Entergy’s complaint states:

The AEA [Atomic Energy Act] vests in the NRC exclusive jurisdiction over the licensing and operation of nuclear facilities. State laws and regulations requiring a state license for plant operation or otherwise having a direct and substantial effect on plant operation are preempted under the Supremacy Clause, U. S. Const. Art. VI.

Entergy provides no authority for this assertion.

However, in a unanimous decision, the US Supreme Court addressed the preemption issue in a 1983 case affirming that “the Atomic Energy Act constituted authorization for States to regulate nuclear power plants for purposes other than protection against radiation hazards.” The Supreme Court held:

(a) From the passage of the Atomic Energy Act in 1954, through several revisions, and to the present day, Congress has preserved the dual regulation of nuclear powered electricity generation: the Federal Government maintains complete control of the safety and “nuclear” aspects of energy generation, whereas the States exercise their traditional authority over economic questions such as the need for additional generating capacity, the type of generating facilities to be licensed, land use, and ratemaking. This Court accepts California’s avowed economic, rather than safety, purpose as the rationale for enacting § 25524.2, and accordingly the statute lies outside the federally occupied field of nuclear safety regulation. Pp. 461 U. S. 205-216.

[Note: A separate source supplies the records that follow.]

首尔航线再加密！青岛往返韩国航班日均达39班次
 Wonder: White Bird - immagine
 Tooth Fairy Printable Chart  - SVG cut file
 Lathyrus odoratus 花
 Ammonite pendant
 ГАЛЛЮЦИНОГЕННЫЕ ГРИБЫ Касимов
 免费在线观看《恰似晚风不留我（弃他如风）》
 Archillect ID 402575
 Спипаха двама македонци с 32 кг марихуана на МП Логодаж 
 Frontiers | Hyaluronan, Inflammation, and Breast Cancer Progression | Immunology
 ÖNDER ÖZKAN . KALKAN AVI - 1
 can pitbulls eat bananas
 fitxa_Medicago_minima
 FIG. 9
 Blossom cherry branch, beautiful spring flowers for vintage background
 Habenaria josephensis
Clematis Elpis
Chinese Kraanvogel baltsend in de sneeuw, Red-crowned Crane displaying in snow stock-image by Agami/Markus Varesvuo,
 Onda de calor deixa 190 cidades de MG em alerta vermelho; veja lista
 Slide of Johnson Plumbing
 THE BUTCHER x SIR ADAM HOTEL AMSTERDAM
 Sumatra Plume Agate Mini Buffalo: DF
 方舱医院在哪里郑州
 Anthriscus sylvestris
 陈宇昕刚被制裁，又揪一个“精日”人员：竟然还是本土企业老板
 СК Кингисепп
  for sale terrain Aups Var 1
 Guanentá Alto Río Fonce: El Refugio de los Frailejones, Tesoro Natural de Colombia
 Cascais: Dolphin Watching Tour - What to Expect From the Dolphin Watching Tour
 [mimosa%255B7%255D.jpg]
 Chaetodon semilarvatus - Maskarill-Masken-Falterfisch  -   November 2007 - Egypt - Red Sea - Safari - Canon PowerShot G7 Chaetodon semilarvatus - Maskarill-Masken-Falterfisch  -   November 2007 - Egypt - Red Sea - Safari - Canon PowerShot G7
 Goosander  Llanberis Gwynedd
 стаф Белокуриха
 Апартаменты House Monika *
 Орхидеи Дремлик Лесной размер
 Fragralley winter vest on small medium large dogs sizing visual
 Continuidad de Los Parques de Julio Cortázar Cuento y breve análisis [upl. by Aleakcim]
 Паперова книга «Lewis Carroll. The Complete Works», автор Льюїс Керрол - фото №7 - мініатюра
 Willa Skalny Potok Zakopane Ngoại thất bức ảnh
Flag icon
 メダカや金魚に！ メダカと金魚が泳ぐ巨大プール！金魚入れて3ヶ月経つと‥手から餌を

Entergy’s position is inconsistent with this unanimous Supreme Court decision.

Bad Acts

Entergy’s bad acts include making an inaccurate statement under oath to the Vermont Public Service Board in the proceeding concerning Entergy’s petition for a CPG to operate for 20 years after March 21, 2012. The inaccuracy was that there were no underground pipes that could leak tritium. The PSB issued an order that levied a fine on Entergy for making the inaccurate statements in June 2010. The fine is to be paid to intervening public interest groups for the costs those groups incurred in addressing Entergy’s inaccurate statements. The company removed Executive Vice President Curt Herbert and several other company officials, including site Vice President Jay Thayer.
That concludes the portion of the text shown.